The Mercury closed in May, a little over two years after opening on the second floor of the market’s central food hall.
After sustaining serious damage caused by a fire apparently set by former employee Rickey Thomas, the owners of the longtime Decatur coffeehouse made the difficult decision to close for good. Java Monkey opened 25 years ago on Church Street and regularly hosted spoken word artists and poetry slams and readings.
However, the fire may not have been the lone factor in the decision to shutter the Decatur institution. It seems the new owners had recently made a few changes to the longstanding business, including not serving wine and beer in the evenings. That was due to issues with the liquor license, which were eventually resolved. But other changes hadn’t gone over well with regulars, according to a report by Decaturish. Java Monkey closed in July.

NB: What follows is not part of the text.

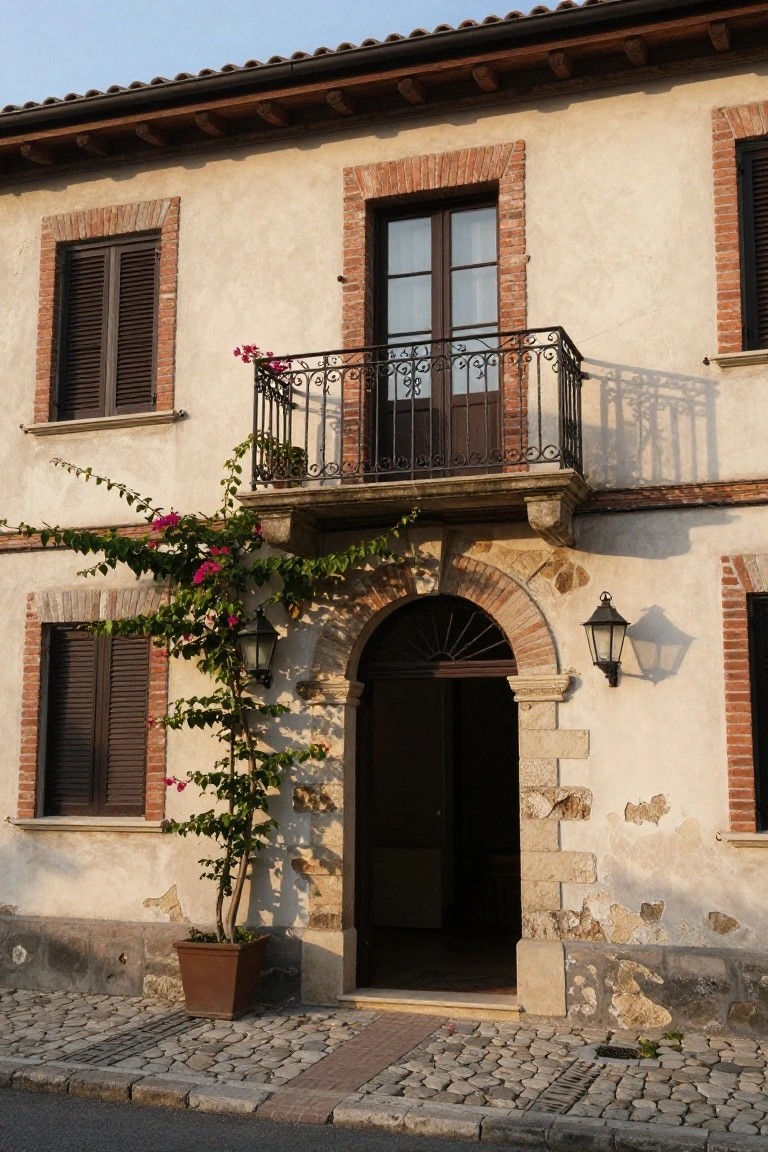 Beige stucco two-story house exterior with terracotta tile roof, brick window surrounds and shutters, wrought iron balcony with plants, climbing bougainvillea, stone arched entry with lanterns, potted bougainvillea, and cobblestone pavement.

Perhaps one of the biggest and most stunning closures of 2019 was that of fine dining pioneer Restaurant Eugene. The Buckhead institution, owned by James Beard award-winning chef Linton Hopkins and Gina Hopkins, closed in August after 15 years. Hopkins said at the time he was shifting focus “away from special-occasion dining to neighborhood restaurants.” Restaurant Eugene opened on Peachtree Road in 2004 offering a set menu of pristinely plated dishes that changed daily. The restaurant helped usher in a new dining era in Atlanta.
A la carte restaurant Eugene and Elizabeth’s (named for his grandparents) is poised to replace Restaurant Eugene next year. Neighboring Holeman and Finch relocates to a larger space at Colony Square in Midtown next spring.
The sale of beloved Cheshire Bridge institution Hong Kong Harbour is likely one of the saddest Atlanta closures of 2019. The news the 40-year-old Chinese restaurant had been sold to new owners and would be replaced by an “Asian-American street food” restaurant called Street Bistro rocked readers, many of whom had been faithful Hong Kong Harbour regulars for years.
In June, longtime Creole-style seafood restaurant Red Snapper (another Cheshire Bridge institution) was sold to a new owner. However, it seems the new owner, Randy Mercer, chose to keep the menu relatively intact. Cheshire Bridge is also home to the 92-year-old Southern restaurant The Colonnade and popular Thai restaurant Little Bangkok.